Ibiza is also a popular tourist destination due to its legendary, and at times riotous, nightlife centered around two areas: Ibiza Town, the island’s capital on the southern shore, and Sant Antoni to the West. Famous nightclubs are Privilege, Amnesia, Space, Pacha, Eden, Es Paradís, Underground, Sankeys and DC10.
During the summer, the top producers and DJs in dance come to the island and play at the various clubs, in between touring to other international destinations. Some of the most famous DJs run their own weekly nights around the island. Many of these DJs use Ibiza as an outlet for presenting new songs within the house, trance and techno genres of electronic dance music.
The summer season and the first really warm beach days begin in May with beautiful, clear, sunny days and temperatures in the mid-twenties.
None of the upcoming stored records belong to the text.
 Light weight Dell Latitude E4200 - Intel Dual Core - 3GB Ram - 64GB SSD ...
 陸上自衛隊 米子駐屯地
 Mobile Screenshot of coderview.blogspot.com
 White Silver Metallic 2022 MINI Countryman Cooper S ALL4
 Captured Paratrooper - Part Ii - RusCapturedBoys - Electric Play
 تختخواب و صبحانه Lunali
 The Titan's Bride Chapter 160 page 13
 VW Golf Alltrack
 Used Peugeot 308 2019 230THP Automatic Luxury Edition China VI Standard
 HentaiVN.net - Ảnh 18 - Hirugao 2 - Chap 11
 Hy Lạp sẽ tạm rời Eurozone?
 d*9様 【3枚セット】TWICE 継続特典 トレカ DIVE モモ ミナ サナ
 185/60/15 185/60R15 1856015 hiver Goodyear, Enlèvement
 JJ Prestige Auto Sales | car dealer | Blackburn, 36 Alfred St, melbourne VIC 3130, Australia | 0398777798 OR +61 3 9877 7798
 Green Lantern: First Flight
There is very little rainfall between June and September. In August and September the temperature rises to over 30º C. With water temperatures of 25º – 27º C, beach babes are in their element!
May, June and September – During the evening you’ll need a jersey, sweatshirt or light jacket, especially for windy days.
July and August – Now it’s really hot, so you’ll only have to pack beachwear like t-shirts and shorts for the day and loose fitting tops for the evening. Thin cotton trousers are popular with the locals.
October – Better to bring a couple of warm jerseys and a jacket as there may be some rainy and windy days, when the temperatures go down to 17º C.
Ibiza has a remarkably mild climate – even in winter the temperature rarely drops under 0º C. From November to April the average daytime temperature is about 15º C; however, when the sun comes out, it can rapidly climb to 25º C.
It does rain – but as a general rule of thumb, it only rains for 3 days at a time (at least that’s what locals told us). The rest of the time, the sun shines down from a clear, blue sky.
Although not thought of as an all-year-round destination – Ibiza will surprise you. Yes, summer is for partying, spending warm evenings under star-filled skies, swimming in the crystal clear sea and living life on the beach. In November Ibiza changes and settles down to more peaceful times. Winter sunshine becomes a refreshing change to the summer heat, brisk walks on deserted beaches replace cooling dips, and the flower-filled countryside is a dramatic change from the dryness of summer.